Ohio Attorney General Charges Pharmacy Benefit Companies With Price Fixing
Health Care

Ohio Attorney General Charges Pharmacy Benefit Companies With Price Fixing

© Lucas Jackson / Reuters

Ohio Attorney General Dave Yost filed suit Monday against several companies that manage prescription drug benefits, accusing them of colluding to drive up drug prices, contrary to their stated business purpose.

The lawsuit says that industry consolidation has left three large players controlling more than 75% of the pharmacy benefit management (PBM) market, with tremendous power over prescription drug pricing and reimbursement rates. It alleges that Cigna Group, Humana and Prime Therapeutics used a Swiss subsidiary to coordinate pricing and share information, “effectively eliminating all competition between themselves” and gaining leverage in negotiations with drugmakers. The suit charges the companies with violating Ohio’s antitrust law.

“Defendants have morbidly manipulated both sides of the market, demanding higher drug prices while negotiating larger fees from the manufacturers,” the lawsuit alleges. “Patients pay more, manufacturers get less, and the PBMs profit.”

What are these companies? “The companies play a largely hidden but important role in the prescription-drug supply chain, serving as middlemen among the companies that make drugs, the health insurers that pay for the treatments and the pharmacies that dispense them,” Jared S. Hopkins writes at The Wall Street Journal. “Governments, employers and unions hire PBMs to manage their payments for prescription medicines. In addition to processing payments to pharmacies, the PBMs aim to control spending by deciding which drugs they will pay for depending on the rebates they negotiate with pharmaceutical companies.”
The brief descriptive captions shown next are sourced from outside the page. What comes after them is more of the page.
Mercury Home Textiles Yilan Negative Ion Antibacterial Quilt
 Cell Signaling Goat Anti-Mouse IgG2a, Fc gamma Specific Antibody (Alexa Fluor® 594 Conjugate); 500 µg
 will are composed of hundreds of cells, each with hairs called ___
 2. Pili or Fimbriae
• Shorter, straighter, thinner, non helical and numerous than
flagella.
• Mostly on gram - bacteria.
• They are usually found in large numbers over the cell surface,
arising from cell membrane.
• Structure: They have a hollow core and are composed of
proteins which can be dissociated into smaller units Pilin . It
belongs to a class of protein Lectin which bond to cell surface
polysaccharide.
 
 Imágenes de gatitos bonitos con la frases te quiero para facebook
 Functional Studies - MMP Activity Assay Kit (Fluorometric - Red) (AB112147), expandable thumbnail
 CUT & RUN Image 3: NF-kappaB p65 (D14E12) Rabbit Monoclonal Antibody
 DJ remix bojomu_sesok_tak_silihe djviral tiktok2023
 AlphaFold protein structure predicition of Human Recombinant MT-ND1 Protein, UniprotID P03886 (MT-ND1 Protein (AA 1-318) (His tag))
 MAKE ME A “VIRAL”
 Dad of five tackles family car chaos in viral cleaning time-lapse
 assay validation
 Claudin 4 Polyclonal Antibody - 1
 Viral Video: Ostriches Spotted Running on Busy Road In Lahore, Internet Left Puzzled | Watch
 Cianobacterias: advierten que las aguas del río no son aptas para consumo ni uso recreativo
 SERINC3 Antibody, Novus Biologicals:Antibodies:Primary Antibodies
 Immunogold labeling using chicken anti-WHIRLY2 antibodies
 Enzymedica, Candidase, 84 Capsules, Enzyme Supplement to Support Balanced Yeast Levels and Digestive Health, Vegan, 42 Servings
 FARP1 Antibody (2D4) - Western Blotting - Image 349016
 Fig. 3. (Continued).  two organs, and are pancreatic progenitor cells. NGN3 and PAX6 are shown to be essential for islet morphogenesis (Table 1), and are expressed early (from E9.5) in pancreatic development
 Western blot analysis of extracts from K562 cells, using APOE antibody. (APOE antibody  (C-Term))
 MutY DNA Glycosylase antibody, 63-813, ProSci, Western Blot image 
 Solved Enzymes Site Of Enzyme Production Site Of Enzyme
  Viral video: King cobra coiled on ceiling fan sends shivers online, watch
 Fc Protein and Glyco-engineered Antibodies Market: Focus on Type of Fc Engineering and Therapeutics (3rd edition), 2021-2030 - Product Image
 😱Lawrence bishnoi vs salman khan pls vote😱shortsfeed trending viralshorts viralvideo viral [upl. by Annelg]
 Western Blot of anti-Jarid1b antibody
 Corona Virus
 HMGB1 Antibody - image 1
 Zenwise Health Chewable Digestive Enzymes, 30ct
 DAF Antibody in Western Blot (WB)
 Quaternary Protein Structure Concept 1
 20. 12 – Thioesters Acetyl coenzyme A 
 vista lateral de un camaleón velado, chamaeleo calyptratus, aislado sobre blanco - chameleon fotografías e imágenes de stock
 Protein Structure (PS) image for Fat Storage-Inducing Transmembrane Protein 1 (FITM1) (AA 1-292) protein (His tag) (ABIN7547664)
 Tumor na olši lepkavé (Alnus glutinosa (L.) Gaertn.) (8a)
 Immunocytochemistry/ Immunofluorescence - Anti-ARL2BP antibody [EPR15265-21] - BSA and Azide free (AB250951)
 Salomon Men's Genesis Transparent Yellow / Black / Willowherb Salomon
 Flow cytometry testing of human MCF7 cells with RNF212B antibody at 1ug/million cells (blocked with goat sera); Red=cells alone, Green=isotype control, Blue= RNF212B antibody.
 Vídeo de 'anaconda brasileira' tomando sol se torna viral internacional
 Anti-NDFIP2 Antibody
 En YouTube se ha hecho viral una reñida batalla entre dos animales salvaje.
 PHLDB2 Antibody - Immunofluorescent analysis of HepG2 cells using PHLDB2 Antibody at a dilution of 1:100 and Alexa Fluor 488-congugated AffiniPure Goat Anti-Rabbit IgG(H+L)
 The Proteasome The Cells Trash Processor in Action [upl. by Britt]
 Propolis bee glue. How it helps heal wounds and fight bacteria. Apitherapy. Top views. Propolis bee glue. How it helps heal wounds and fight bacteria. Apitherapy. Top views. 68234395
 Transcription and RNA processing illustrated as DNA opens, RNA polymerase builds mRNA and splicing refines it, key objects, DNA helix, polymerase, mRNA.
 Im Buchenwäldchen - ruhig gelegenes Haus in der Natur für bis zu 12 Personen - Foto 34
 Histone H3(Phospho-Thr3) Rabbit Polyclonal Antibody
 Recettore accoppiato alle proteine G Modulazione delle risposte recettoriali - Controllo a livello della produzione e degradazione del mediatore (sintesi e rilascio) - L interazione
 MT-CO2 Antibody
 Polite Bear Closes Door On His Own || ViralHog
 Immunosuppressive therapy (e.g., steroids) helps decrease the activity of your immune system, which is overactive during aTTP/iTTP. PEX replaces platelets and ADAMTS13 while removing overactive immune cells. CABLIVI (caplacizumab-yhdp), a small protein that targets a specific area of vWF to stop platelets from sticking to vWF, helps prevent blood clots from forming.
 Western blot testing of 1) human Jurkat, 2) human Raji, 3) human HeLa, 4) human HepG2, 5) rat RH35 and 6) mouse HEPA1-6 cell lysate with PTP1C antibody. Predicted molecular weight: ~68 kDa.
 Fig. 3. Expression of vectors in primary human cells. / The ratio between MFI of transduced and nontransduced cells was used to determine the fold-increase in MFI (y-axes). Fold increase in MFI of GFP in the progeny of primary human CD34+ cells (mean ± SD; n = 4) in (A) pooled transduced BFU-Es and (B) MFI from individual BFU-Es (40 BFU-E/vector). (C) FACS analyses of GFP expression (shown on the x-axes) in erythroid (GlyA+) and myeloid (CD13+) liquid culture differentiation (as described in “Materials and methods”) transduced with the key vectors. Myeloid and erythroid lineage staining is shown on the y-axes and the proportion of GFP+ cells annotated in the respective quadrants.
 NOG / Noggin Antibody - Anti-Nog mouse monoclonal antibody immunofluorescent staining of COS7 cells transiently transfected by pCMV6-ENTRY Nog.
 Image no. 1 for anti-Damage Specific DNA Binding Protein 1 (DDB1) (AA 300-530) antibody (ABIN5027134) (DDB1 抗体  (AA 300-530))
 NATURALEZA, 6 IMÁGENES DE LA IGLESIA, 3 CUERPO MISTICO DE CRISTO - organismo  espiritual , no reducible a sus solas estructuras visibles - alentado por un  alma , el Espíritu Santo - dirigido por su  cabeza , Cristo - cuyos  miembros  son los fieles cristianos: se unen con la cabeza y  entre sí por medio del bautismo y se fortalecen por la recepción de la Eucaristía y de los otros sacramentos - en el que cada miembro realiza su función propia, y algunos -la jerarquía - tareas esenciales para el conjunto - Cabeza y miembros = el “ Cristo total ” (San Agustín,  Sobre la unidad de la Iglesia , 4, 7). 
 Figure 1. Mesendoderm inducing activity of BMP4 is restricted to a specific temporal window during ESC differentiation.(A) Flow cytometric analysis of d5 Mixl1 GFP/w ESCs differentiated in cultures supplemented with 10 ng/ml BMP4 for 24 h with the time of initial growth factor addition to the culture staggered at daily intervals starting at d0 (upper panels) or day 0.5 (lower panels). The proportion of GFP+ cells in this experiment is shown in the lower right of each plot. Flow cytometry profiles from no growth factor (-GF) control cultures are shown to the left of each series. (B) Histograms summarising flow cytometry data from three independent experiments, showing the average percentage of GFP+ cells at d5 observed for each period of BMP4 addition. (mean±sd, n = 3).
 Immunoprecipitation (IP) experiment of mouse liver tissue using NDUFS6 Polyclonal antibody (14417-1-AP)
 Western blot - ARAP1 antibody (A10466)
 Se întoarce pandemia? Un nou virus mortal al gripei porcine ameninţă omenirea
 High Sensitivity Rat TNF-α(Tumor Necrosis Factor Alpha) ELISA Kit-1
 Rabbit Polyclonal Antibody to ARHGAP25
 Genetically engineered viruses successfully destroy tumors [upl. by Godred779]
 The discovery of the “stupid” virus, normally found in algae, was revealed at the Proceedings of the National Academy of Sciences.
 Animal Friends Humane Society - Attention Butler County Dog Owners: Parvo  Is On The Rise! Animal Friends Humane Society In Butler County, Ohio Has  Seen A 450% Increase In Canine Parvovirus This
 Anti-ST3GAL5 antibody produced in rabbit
The battle over prescription drug pricing has seen plenty of finger-pointing between drug companies, insurers and pharmacy benefit managers, with Republicans frequently defending the pharmaceutical companies and lining up against the PBMs. Critics say that the benefit managers, rather than keeping costs down, lead to inflated drug prices because they can then negotiate larger rebates and make more money themselves.

Yost, a Republican, called PBMs the disease plaguing drug pricing and the attorney general’s office noted that his filing differs from other similar lawsuits in that “it targets PBMs only, not the pharmacies or manufacturers that are being strong-armed by PBMs.”

“PBMs are modern gangsters,” Yost said in a statement. “They were designed to protect and negotiate on behalf of employers and consumers after Big Pharma was criticized for overpricing medications, but instead they have absolutely destroyed transparency, scheming in the shadows to control drug prices on all sides of the market.”

The Pharmaceutical Care Management Association, an industry trade group, argues that its members lower drug costs and that pharmaceutical companies are the fundamental drivers of high prices.